For makespan, it only makes sense to run a fixed batch of jobs (i.e., no new arrival of jobs). In your settings, did you set these settings --num_stream_*
to 0 and only use --num_init_dags
?
Hi, Hongzi,
It might be the problem, as I am not aware of the effects of stream jobs in the system on make-span. Actually, I kept them 200 (num stream jobs) each episode. I will quicly figure it out and see the result.
Hi, Hongzi
I noticed your code supports the makespan-optimized policy by setting args.learn_obj to 'makespan'. However, when trained with the recommended small scale setting (200 stream jobs on 8 agents) in 3000 episodes, the model doesn't seem to converge as it normally does with objective of avg JCT. The following figures demonstrate the actor_loss and average_reward_per_second collected during training. The average_reward_per_second is always around -1, which is due to the reward is the same as negative makespan (equal to total time to be divided by). Could you suggest the setting that is maybe missed to guarantee the convergence?
Hi Zhang!
It seems that you have built up the enviorment successfully. May I know the SW version(e.g. tf verison, python version) you have for setting up the enviroment? I tried it but found some libs are missing. Thanks in advance!
Hi, there
To build the enviroment needs no more operations than jus cloning the whole repository. To refer, my tf.version is 1.13 and python version is 3.6.
Hi, Hongzi
During past days, I retrained the model with suggested settings, e.g. num_init_dags > 0 and num_stream_dags = 0. The detailed instruction is as follow.

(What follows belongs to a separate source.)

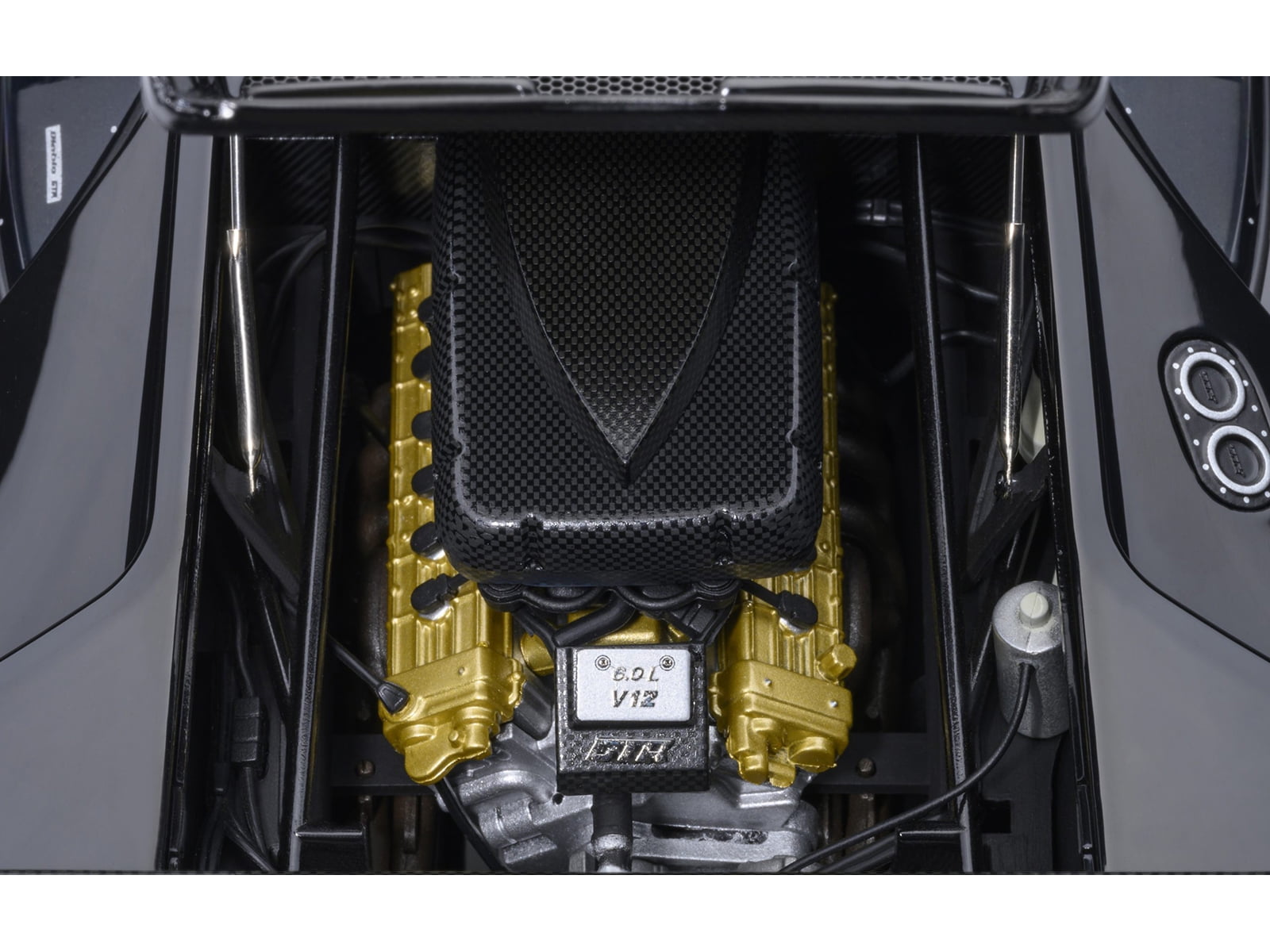 Lamborghini Diablo GTR Deep Black 1/18 Diecast Model Car by Autoart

nohup python3 train.py --exec_cap 25 --num_init_dags 100 --learn_obj 'makespan' --num_stream_dags 0 --reset_prob 5e-7 --reset_prob_min 5e-8 --reset_prob_decay 4e-10 --diff_reward_enabled 1 --num_agents 4 --model_save_interval 100 --num_ep 3005 --model_folder ./models/batch_100_job_diff_reward_reset_5e-7_5e-8_makespan_ep3000/ > out.log 2>&1 &
However, the average reward collected by the agent is still -1 during training. I feel the function (line 33-34) used by reward calculator may just give a static signal over time. Any suggestions on it?
We may have to print the reward values and examine it. Just start from the bare minimum, try using num_init_dags = 1
and num_stream_dags = 0
. Log all the reward values for the actions to finish this single job. Could you check if the reward you get corresponds to the this job completion time? After checking this simple scenario, we can move to two jobs, and multiple jobs. Based on what you showed, there might be some bugs with the current code for this makespan reward. Thanks!
Hi there, I have a question regarding the number a agents. Do you know the reason to have multiple agents, e.g. args.num_agents = 16 by default.
When the program halts, is there an error message?
Multiple agents are just for speeding up the training. Parallel agents (threads on CPUs) generate experience concurrently. You can set args.num_agents
based on the number of CPUs you have on your machine.
Hi Hongzi, thanks! There is no error message at all but some warnings(related to some python libarary funcitons) which seems not to critical. Since I am trying it with CPU version, I suppose that it takes too long to train it which looks like that the program stops. Could you share a bit on the tranning time you had before?
@zhangsj0608 @Nannnnnn hi, would you like share the code part that you used to plot those figure. I need help on that part to plot those figures that used in Decima paper. I can't generate any figure so far. Can you please help sharing those code part to plot as like paper. Thank you.